Villy slits his eyes in order to do a mental zoom—and he’s able to see a downy upright feather on the far horizon, a thunderhead of clouds that must tower a thousand miles high.
“The cloud over Szep City,” says Pinchley. “That’s the one we call Sky Castle. You’ll go there later. But for now, here comes the li’l ole basin that we call Funky Broadway.”

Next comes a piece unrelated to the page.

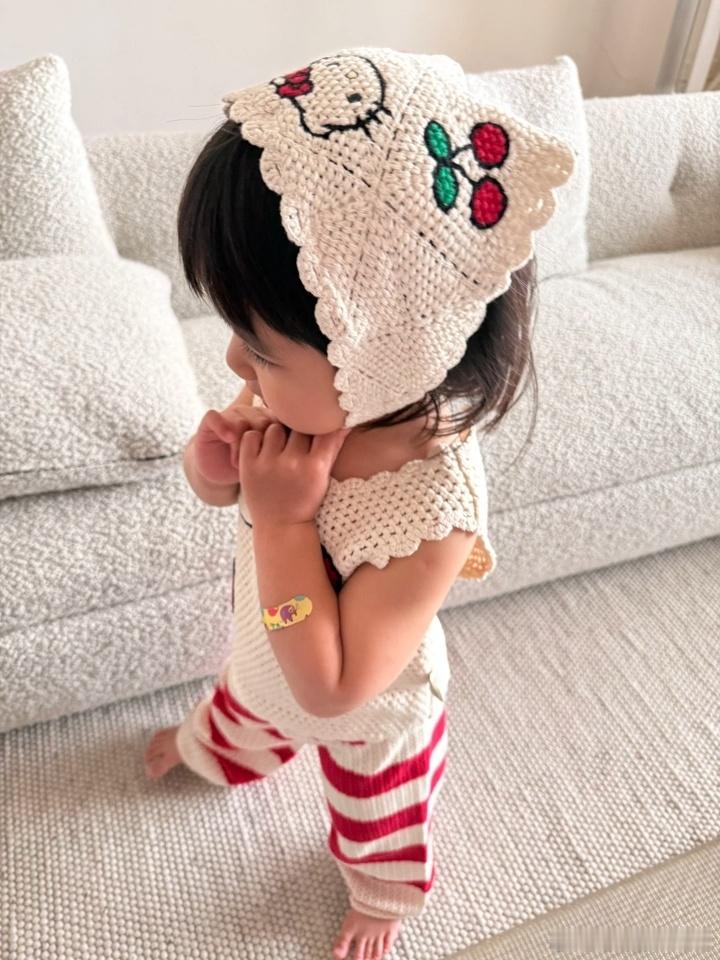 明道2岁女儿正脸照明道罕见晒出2岁女儿，小家伙戴着针织头巾拍照，像洋娃娃一样软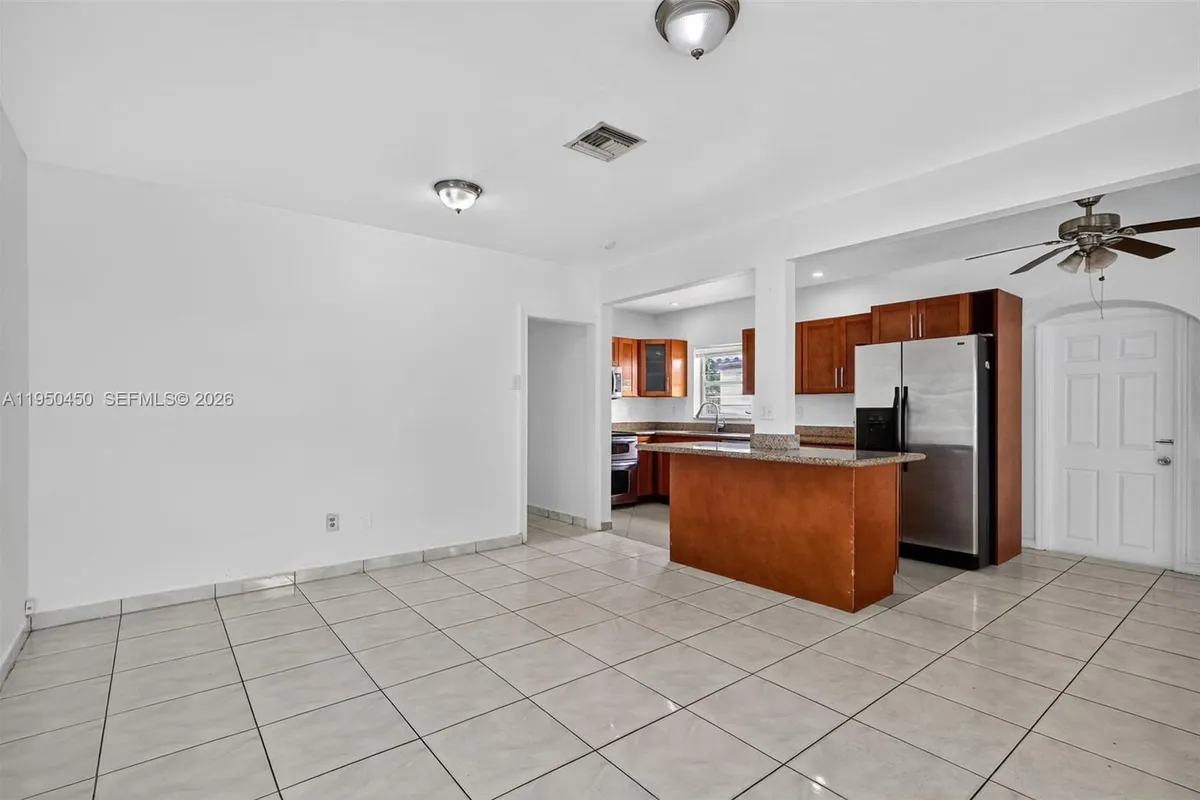 1498 NE 180th St # 0, North Miami Beach FL 33162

Zoe chimes a downward arpeggio, and Villy stays in teepful sync. Funky Broadway is a world of living cities, blocky hives trundling across a fruited plain. The cities are inhabited by races of monkeys. Here and there pairs of cities batten onto each other. Their primate passengers clamber from one metropolis to the other. Ape-men brandish exquisite works of art in offer for trade—only to be taken prisoner by brutal lower orders who feed the unfortunate captives into meat-grinder gear-trains embedded in the lowest foundations of the towns.
Zoe plays the sounds of stabbing cries, and Villy styles moony evocations of wasted lives. A heart-searing duet. And that’s just a start. Zoe and Villy lose themselves in ever-richer stratocast harmonies, sailing across more basins and more.
“Paramecium Pond.”
It’s a five-thousand-mile puddle that is a luminous shade of yellow-green, vibrant with algae, shiny with microorgasmic tides. Paramecia, amoeba, volvoxes, rotifers—teeming, breeding, and consuming their fellows when they can.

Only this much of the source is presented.